友達をつくりたくてもつくれなかった命ちゃんと、あえて友達をつくらなかった私。たぶん、お互いにどうすればいいかわからなかったんだと思う。
そんな状況を楽しく感じていた反面、少しむず痒かった。
そんなとき、先に動き出したのは命ちゃんの方だった。
「今度の日曜日、一緒に出かけない?」
答えは決まっていた。
◇
キス…………ううん、手を繋ぐことくらいはできないかなと思って臨んだ念願の初デート。
前日はドキドキして眠れなかった。でもそのおかげで、待ち合わせ時間の三時間前に到着できた。目印はタンポポのピン留めって言ってたけど、まだ六時だし、さすがにいないよね。
…………と思ったら、目の前の噴水近くに強がりながらも儚げに咲く一輪のタンポポが。
あ、あくびしてる。
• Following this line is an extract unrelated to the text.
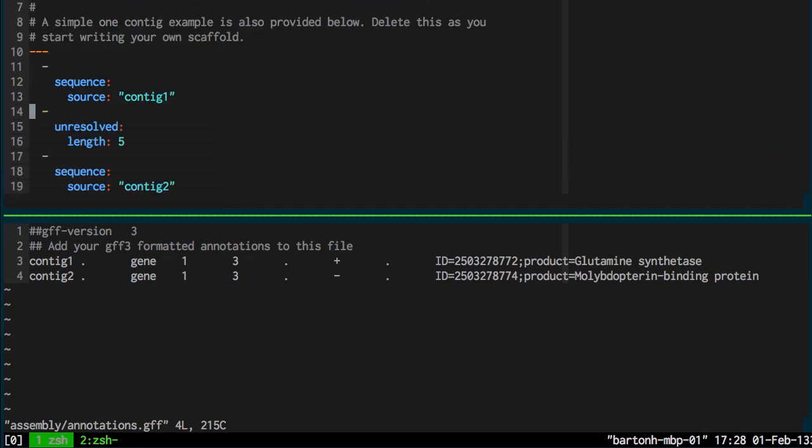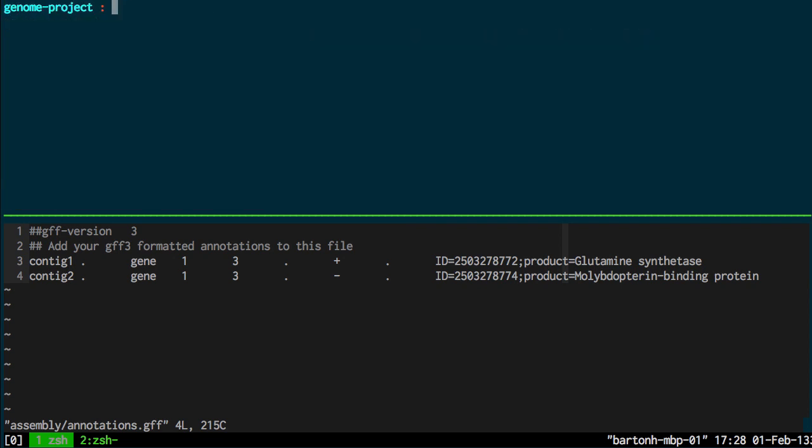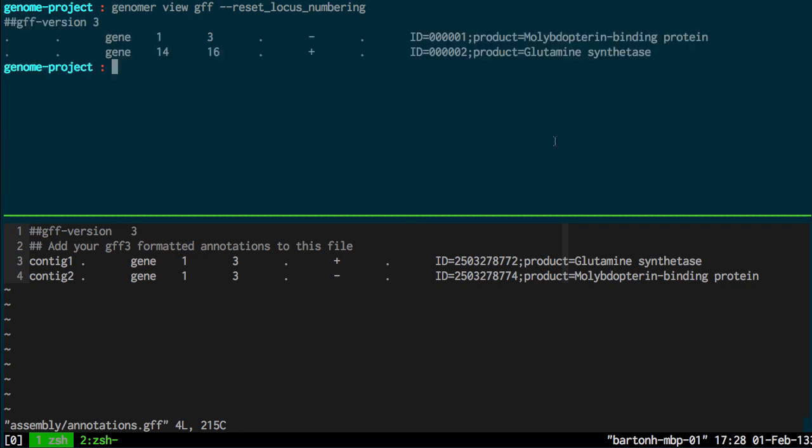So say for example I switch the annotations around, the coordinates of the genes on the contigs have been updated accordingly.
かわいいな。
「お、おはよう命ちゃん…………。待った?」
「ううん、私も今来たところ」
本当かな…………?
◇
お店が開く時間になるまで、私たちは近くのベンチでいつも通りの会話をした。
そのあとは手を繋いで映画館に行った。早くもノルマクリアしちゃったよ…………。
ふたりで話し合った結果、命ちゃんが前から見たがっていたネイチャードキュメンタリー映画を観た。それも面白かったけど、私は森が出来上がっていく様子に目を輝かせていた命ちゃんの表情を見ている方が楽しかった。この笑顔をたとえ今だけでも独り占めできるのが、嬉しかった。
喫茶店にも行った。最近オープンしたばかりだったからか少し混んでいたけど、なんとか窓際の席に座ることができた。注文した時、同じものに同時に指を指したのには、ちょっと可笑しくなった。
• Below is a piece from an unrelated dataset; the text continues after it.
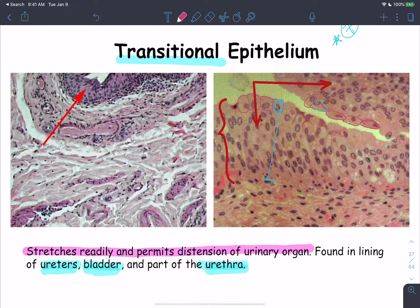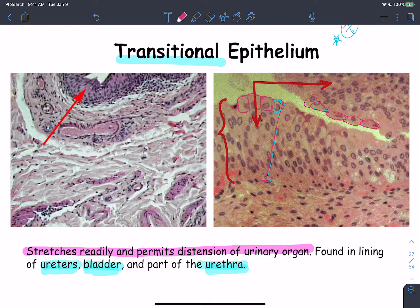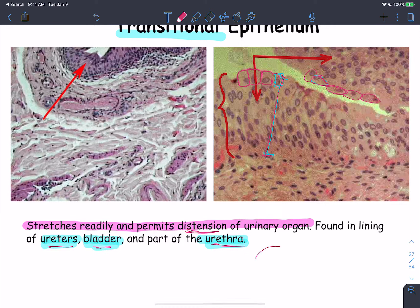Another epithelium type shows many cell layers, suggesting stratified. The apical cells look cuboidal, but some are squamous. This epithelium is located in the urinary tract — the urinary bladder and urethra — and its main function is to allow stretch and distension of the urinary organs to accommodate urine. This stretch causes the transformation of cuboidal cells into squamous cells, which is why it's called transitional epithelium.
お約束だけど、オレンジジュースにストローを二本差して一緒に飲んだり、パフェを食べさせ合ったりもした。普通のパフェよりもずっと甘くて美味しかった。あーんしている時の命ちゃんの顔は、パフェのイチゴよりも紅かった。
そして、ふたりでショッピング。
命ちゃんはファッションにあまり興味がなかったみたいだし、私も世間知らずなところがあって、お互いの服選びにはかなりの時間を必要とした。流行って大切だったんだね…………。
結局、命ちゃんは服を諦めて、お揃いのマグカップをくれた。私はこれからの季節、命ちゃんが熱中症にかからないように小ぶりの麦わら帽子をプレゼントした。でも「早速被ってみるよ」って命ちゃん、そのチェック模様のシャツとデニムパンツに麦わら帽子はあまり合わないよ…………。というか男の子っぽいよ…………。
◇
そんなこんなで、とうとうタイムリミットが来てしまった。
実は、私の家には門限があって、命ちゃんにもそのことは教えていた。命ちゃんの表情がだんだん暗くなっていったのは、単に日が暮れてきたからってだけじゃ、ないと思った。
「ごめんね命ちゃん。私もう、帰らなきゃ…………」
「…………千鶴…………」
「…………じゃあ、また明日ね…………」
別れの挨拶を済ませて体を翻すと、突然左手に柔らかな温もりが。
「…………待って千鶴。初めてのデートでキスするっていうのは、ちょっと急ぎ過ぎかな…………?」
「…………命ちゃん…………」
そんなことないよって言おうとした。
でもそれより、私たちの距離がゼロになる早さの方が圧倒的だった。
「「ん……………………」」
お互いの全てが、ひとつに重なった。
唇も、声も、掌も、体温も。
命ちゃんは、すごく柔らかかった。すごく温かかった。
私は背伸びをしなきゃ届かないこともあって、すがりつくように命ちゃんを求めた。
「「んっ、はあ……………………」」
一瞬唇を閉じて合わせただけなのに、なんだかとても長い時間を分かち合ったようだった。
◇
次の日。命ちゃんとうまく顔を合わせられるかなという不安が杞憂だったとでも言うように、私たちの日常は平常運転だった。変わったといえば、ふたりでトイレに…………ううん、個室に行く回数が激増したってことくらいかな。
主食は命ちゃんの唇…………なんちゃって。
そんな日々に待ったをかけたのは、三日後の別れ際に放たれた命ちゃんの一言。
「次の日曜日、私の家に来てくれないかな?」
◇
…………もう見慣れた植薙家の玄関のはずなのに、全く別の家のように感じる。
今までだってお見舞いに来たり遊びに来たりしているけど、今回は命ちゃんの親が招待してきたっていうんだから、冷や汗もかくよね。
「いらっしゃい千鶴ちゃん」
出てきたのは、ボンッキュッボンッな美人のお姉さん。なんとなく命ちゃんに似ている気がする。命ちゃんはもっと体のラインの高低差が少ないけどね…………。
命ちゃんの…………お姉さんかな?
「こんにちは。あの、命ちゃんは…………?」
「命なら奥よ。今案内してあげる」
「お邪魔します…………」
スリッパを履いて案内されたダイニングには命ちゃんと、その向かいにハンサムな男の人が椅子に座っていた。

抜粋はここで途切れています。